National Student Drama Festival @ Hull University Campus in April
This was such a good time, with some kick-ass pieces of theatre. Particular shout out to He She They and Nothing is Coming, the Pixels are Huge.
It makes me really sad that the week of NSDF I was the Most Anxious I have ever been. I thought it was the pressure of taking a show, but I was simply suffering a bad phase of a long-term condition, exacerbated by the intense atmosphere, ending up as a nervous, blabbering wreck the whole week. Constantly nauseous, not eating properly, crying, making a dick of myself and having daily panic attacks- I didn’t enjoy the week as much as I should have. I was surrounded by great people and atmosphere, and every hour I was thinking ‘This is great. This is the prime of my life.’ But I couldn’t get out of my own head. I really really want to make up for it if I end up going this year. *fingers crossed*
Speed Death of the Radiant Child by Chris Goode, dir. Ben Kulvichit. 9-11 November
I am definitely not allowed to put this on my list.
But so much of my year, more than a year, has been dedicated to making it happen, and it would feel weird to not Write Something about it.
Producing is a weird job, because for the most part, I’m not creatively involved, but simultaneously feel so much ownership and pride in this crazy play that hasn’t been done since 2007, and is about a hospital which is actually a nuclear power station and the colour blue and river phoenix dying and holding each other. A lot of weird semi-reverential hero worship was developed and strengthened towards my closest friends too. I don’t know if I’m supposed to care about stuff this much? Is it healthy or admirable to weep your heart out over a student production? I will either look back on this nuclear meltdown of a show as the crown jewel of my university experience, or something which took up way too much of my time and tied me in unnecessary emotional knots. I think it’s the former. It made me realise that I love this, and that I want to be a Mum?

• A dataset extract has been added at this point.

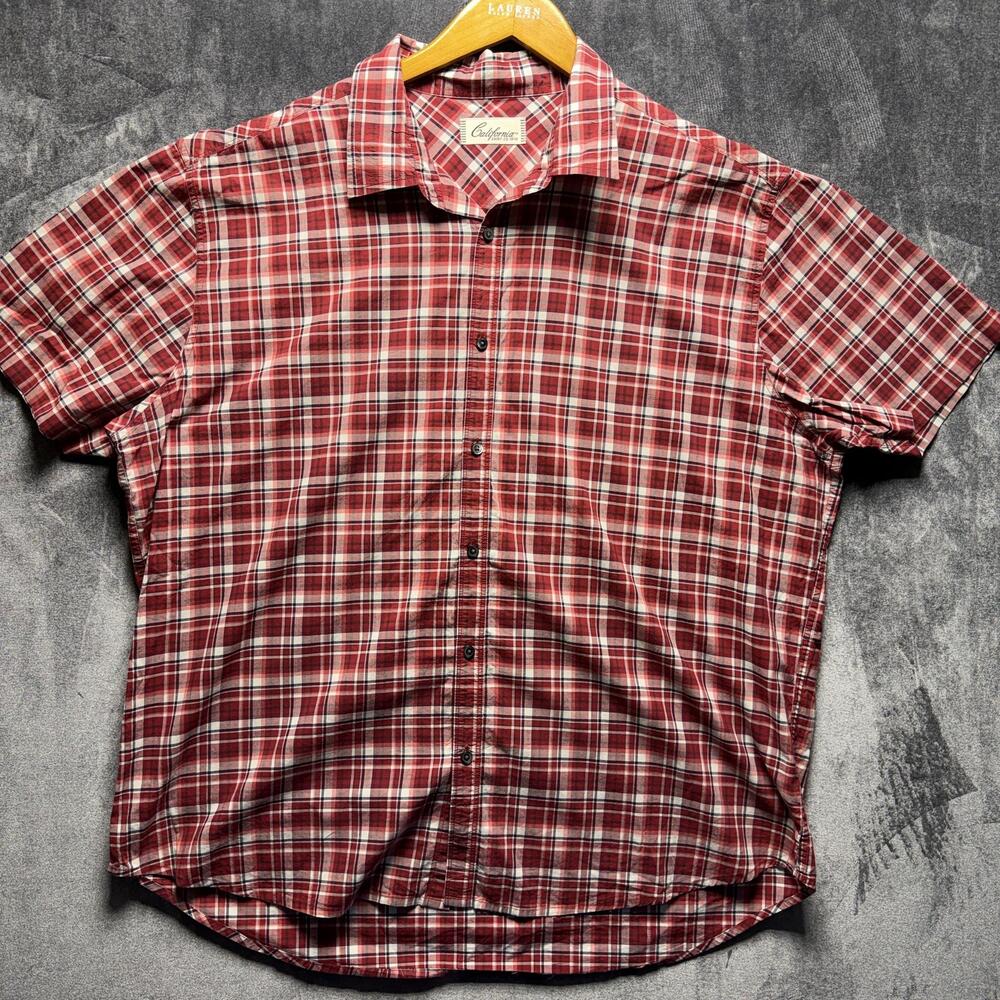 California Button Down Shirt Mens 2XL Red Woven Plaid Short Sleeve Casual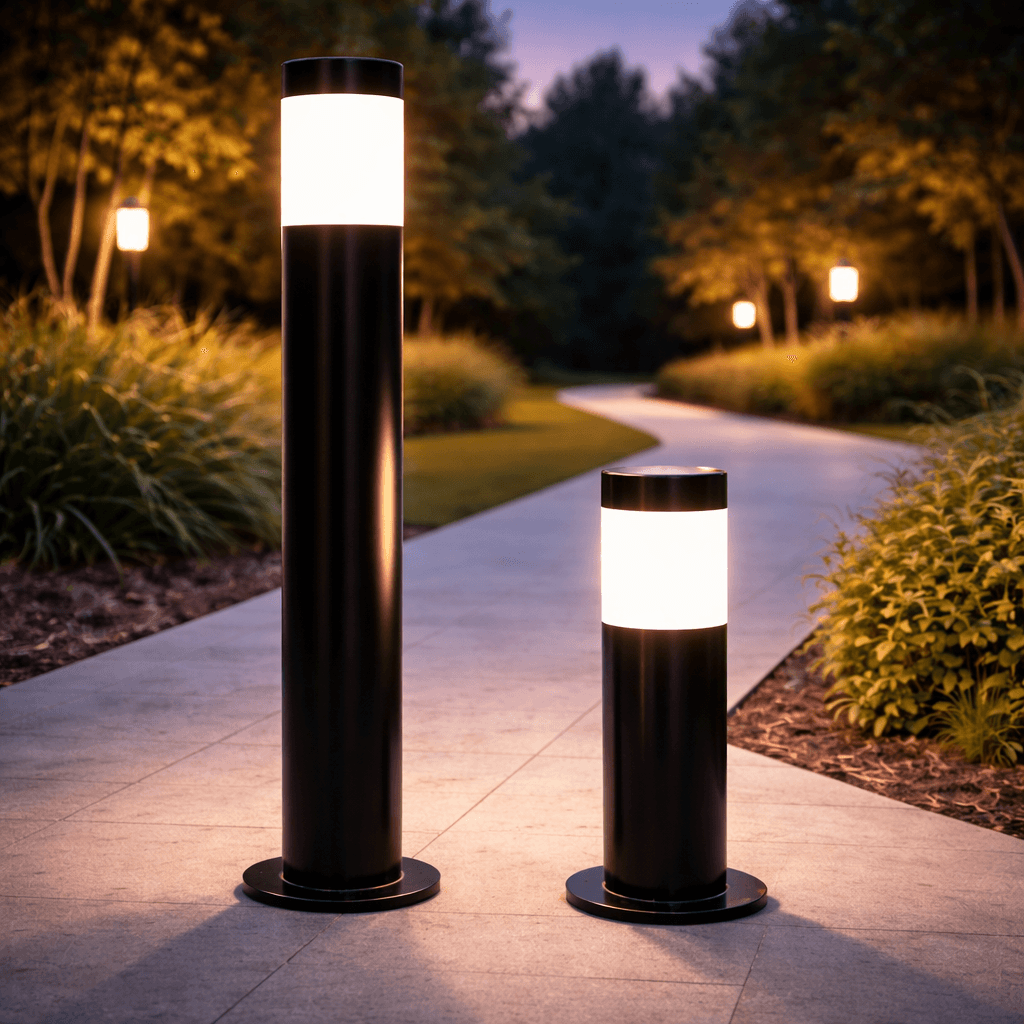 โคมไฟสนาม SC633 Bollard Polycarbonate Opal Diffuser วัสดุอลูมิเนียมและเหล็ก ดีไซน์โมเดิร์นสำหรับงานสวนและทางเดินภายนอก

new years resolutions (if i put em here i’m more likely to keep them)
- Put more effort into my individual friendships. I’ve never been very good at socialising outside of a structured setting (say… the rehearsal process for a show) and feel the safest/least anxious in a Gang. I’d like to go on more theatre dates and hang out with more of my friends individually, properly appreciate them and spend the time they deserve with them.
- really really work hard on my degree. not committing to any Huge theatre projects and spending more time in the bloody library.
- work more at the warwick arts centre, because it’s a lovely place to work
- be a better producer and learn how to do real world stuff
- write something every day. i’m going to say that tweets count, but i also want to write more on here, rewrite a play i wrote for a module last year, and actually write a dissertation and some good essays.
- if something makes me scared. I’m going to do it. might involve staging something, going on a tinder date, moving to a city for the first time. who knows boiz.